Frasier says that he can explain anything, using the answers he's found in the Bible. He'll prove it to you, too. I saw him once try to put a fork in Anderson at a Thursday dinnertime because he kept yelling "Jesus fucking Christ" and spraying mashed potatoes and gravy everywhere. Anderson's a pretty delicate guy; he wasn't the same for months. He can't eat mashed potatoes now; he gets niblet corn instead.
I cagily ordered a coffee myself—they won't give you sugar if you haven't got coffee. I got two sugars. I knew something had shaken Burgess. I watched Burgess a lot, as you may have gathered. He never changed. He sat in the same places at the same times, read the same page in his little blue book, and needed to visit a restroom at 3:27 PM every day. By association I figured it had something to do with the coffee, but it turned out to be the sugar packets. They were these odd-sized things, with small color portraits of masted ships on the back. I had a SCHOONER and a MAN O' WAR. Normally we get CLOVIS INSTITUTIONAL SUPPLY sugar.
Neville might as well be a quiet one, for all the good talking does him. The first thing he ever said to me was "brase bog gulloola," which I eventually figured meant "praise God hallelujah." He sleeps most of the time, in his old black wheelchair with a thin green-sherbet colored blanket over his lap, where he keeps a big battered Bible with a brown leather cover. His deal, as near as I can figure, is that God is just really in charge, and orders things the way they are, and that whatever happens happens according to the will of God. I think he's a Calvinist or something. Like if he crashed down a flight of steps, at the bottom he'd say, "Well praise God, that's over."
That's a joke I think I remember from grad school, but I'm just guessing.
There wouldn't be much to that strange thing that happened at mealtime except that that was the last time I saw Burgess. A few other people saw him later in the evening in the Rec room and said he was the same as ever, standing over in the corner by the board game shelf and watching Jeopardy! with the rest of the folks. But he wasn't at next morning's breakfast.
People like Neville okay, because he's usually asleep and affable enough when awake, if mostly unintelligible. Frasier's a little more problematic; sometimes he hides his meds in his cheeks and spits them out into the toilet later. After three days or so he starts to get a little louder—he'll like sit down next to you and start asking if you’re afraid of hell. You knew that by the end of the conversation he'd be telling you that that's where you were going if you didn't repent. Then he'd start saying, "Ask me anything!" I called it playing Stump The Bibleman. Folks didn't like him much, but I thought he was all right as long as he didn't try sticking me with a fork like Anderson. I've never stumped him, but I never believe him either. He seems like he has it together when he's taking his meds—he'll talk to you about Jesus in an earnest enough fashion, and pray for you and all. But you know, I don't think he really believes all that. Otherwise he wouldn't need it proved so much when he dumps his meds.

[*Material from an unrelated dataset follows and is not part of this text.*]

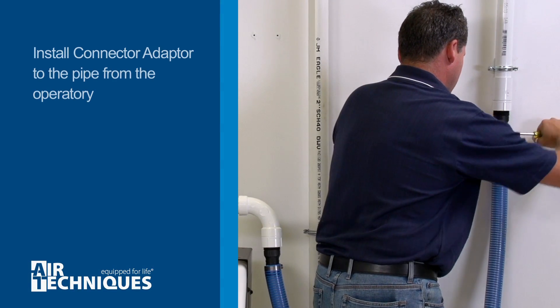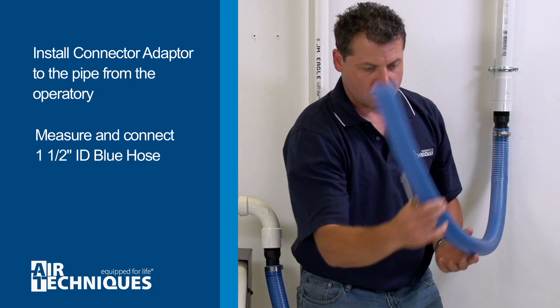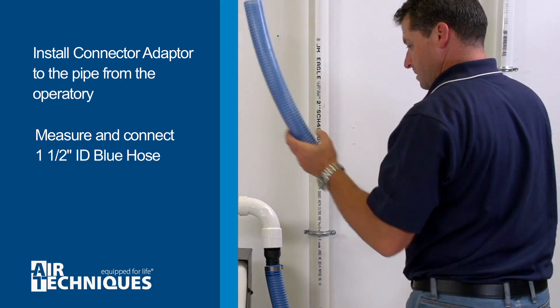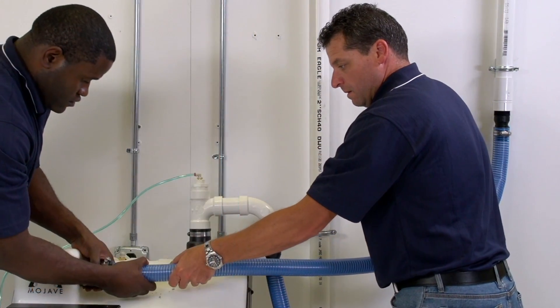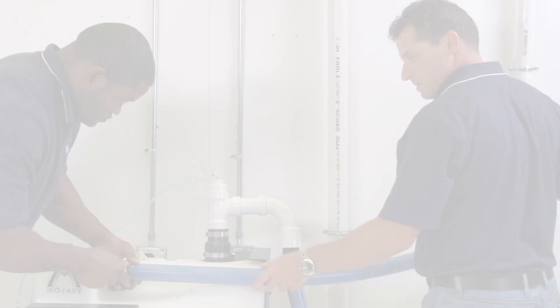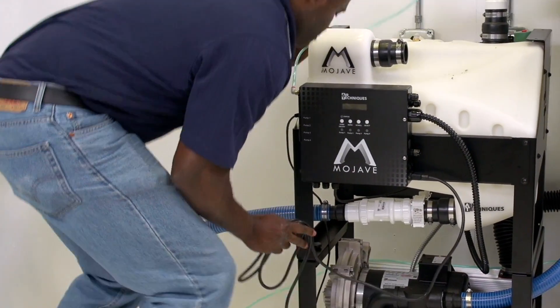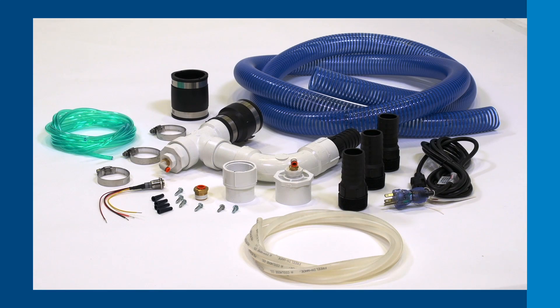Begin by installing one connector adapter to the pipe from the operatory. Measure and connect the 1½-inch ID blue hose cut for installation between the operatory suction line and tank inlet, and secure both ends with hose clamps. Meanwhile, the other installer can power the MMC by plugging in the IEC power cable to facility power. The IEC cable can be found within the tank accessory kit.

My therapist told me that I used to have a system that I used to explain everything. I mean everything—it's the kind of stuff that lets you know up from down, in a metaphorical sense I guess. But that stopped working, and I got sick after that. I mean, I've got a system now, and it works pretty well for getting around in here. But my therapist says that there's a lot more I need to know before leaving. I don't mind, though—it's pleasant enough here, and interesting. I watch the people here, try to see what they're using for their explanation of everything. You can tell after awhile who has the better system in place—a lot of the somnambulant sedated types don't have very good systems. Frasier's one of those. When he wakes up he goes all to pieces. Anderson's system works more often than not, but it's all fragile and needs a lot of fixing. And Neville's old. He doesn't need to do much anymore.
But Burgess—he had something going on, I could tell. I mean, he was here for four years with absolutely no problems. I figure, if the only thing your system for explaining everything can't explain is why the sugar packets are different today, you're pretty well off.
Posted by Ian Wood on November 05, 2002
© 2002 Ian Wood
2. Anderson's Oatmeal

My therapist says there's no such thing as a perfect life. Pretty obvious, I guess. Especially in here. Lots of broken people in this place, and you don't get that way if you have a perfect life. What I think he means, though, is that no life will ever be free of pain. Buddha talks about that some, I think.
My therapist says that part of my illness comes from having a set of expectations that weren't met. He won't tell me what they were, though, and I guess that's okay because I know it's better to figure some of these things out for yourself. It means more, then, because you've worked for it. It's frustrating, though, sometimes. Like I want all this stuff to be out in the open where I can see it, instead of like deep in my brain, where it's all hidden and pops out at awkward moments. I think that's what my little blue pill is for, it has something to do with keeping me even-keeled and level. I'm just guessing, though.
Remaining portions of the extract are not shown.